Brief descriptive captions:
——

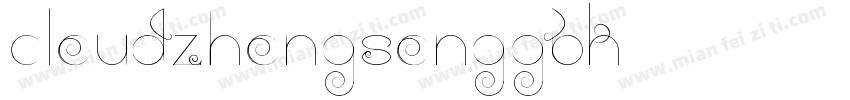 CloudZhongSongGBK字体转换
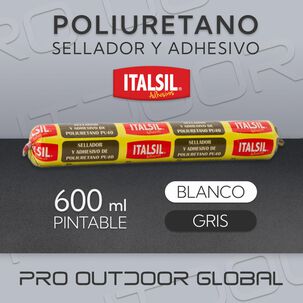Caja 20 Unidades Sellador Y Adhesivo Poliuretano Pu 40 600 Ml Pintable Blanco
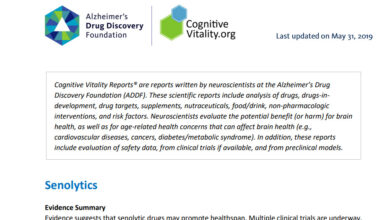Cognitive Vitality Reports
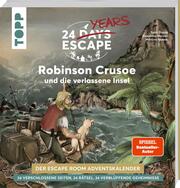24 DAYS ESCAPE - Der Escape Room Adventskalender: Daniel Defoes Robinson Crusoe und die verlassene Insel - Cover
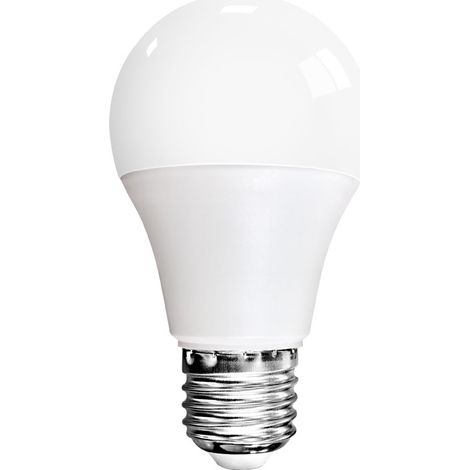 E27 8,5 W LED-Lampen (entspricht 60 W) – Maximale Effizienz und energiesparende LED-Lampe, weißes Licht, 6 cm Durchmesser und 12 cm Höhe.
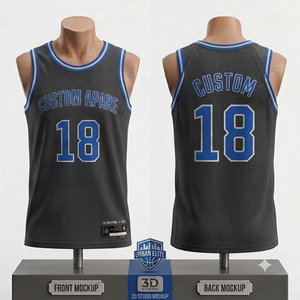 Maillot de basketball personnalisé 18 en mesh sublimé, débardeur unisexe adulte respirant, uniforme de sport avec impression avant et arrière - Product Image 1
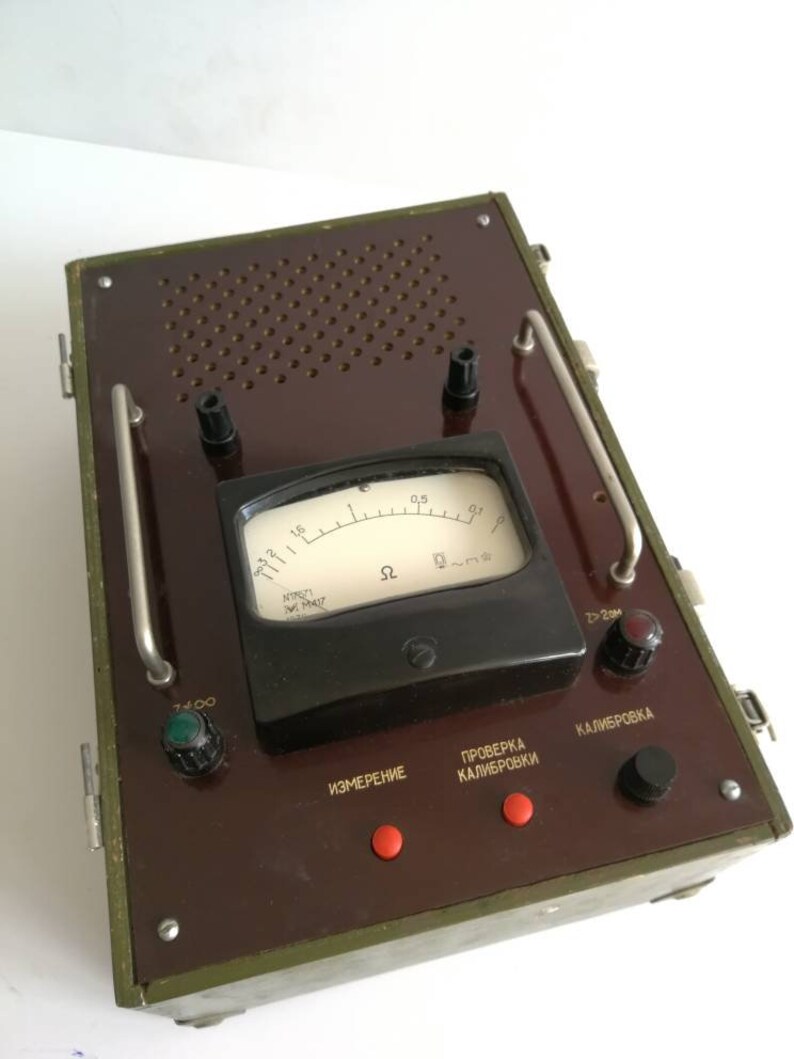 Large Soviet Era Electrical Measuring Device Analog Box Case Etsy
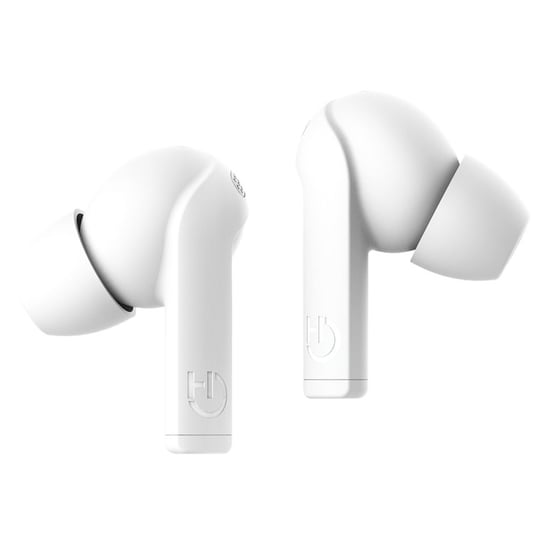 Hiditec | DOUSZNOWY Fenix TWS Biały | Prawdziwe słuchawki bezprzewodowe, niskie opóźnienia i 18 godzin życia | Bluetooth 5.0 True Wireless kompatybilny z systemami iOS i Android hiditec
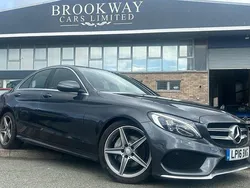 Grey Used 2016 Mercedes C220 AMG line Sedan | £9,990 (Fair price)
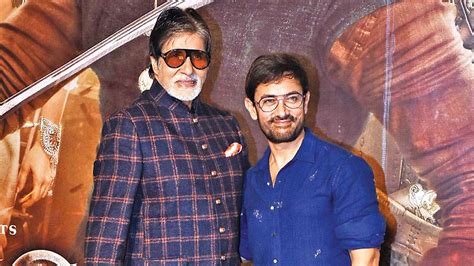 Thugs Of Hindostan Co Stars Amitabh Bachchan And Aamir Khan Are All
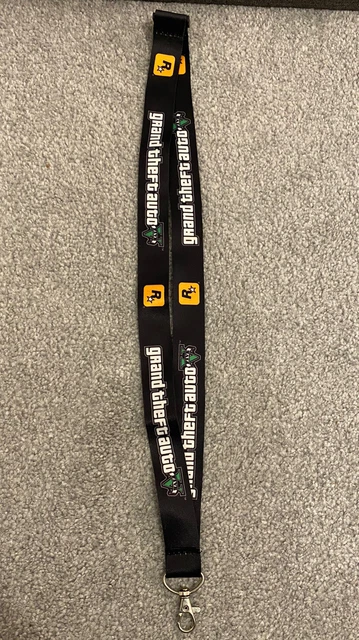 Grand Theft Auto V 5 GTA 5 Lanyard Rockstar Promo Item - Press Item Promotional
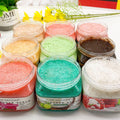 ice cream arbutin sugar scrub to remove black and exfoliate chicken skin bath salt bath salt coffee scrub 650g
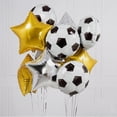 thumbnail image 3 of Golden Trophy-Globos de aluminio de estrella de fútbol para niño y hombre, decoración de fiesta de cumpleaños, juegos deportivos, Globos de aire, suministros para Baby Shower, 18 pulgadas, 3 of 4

——

Stop after the line containing "24 DAYS ESCAPE": copy the records exactly from the first line up to there, leaving pictures out.

 CloudZhongSongGBK字体转换
Caja 20 Unidades Sellador Y Adhesivo Poliuretano Pu 40 600 Ml Pintable Blanco
Cognitive Vitality Reports
24 DAYS ESCAPE - Der Escape Room Adventskalender: Daniel Defoes Robinson Crusoe und die verlassene Insel - Cover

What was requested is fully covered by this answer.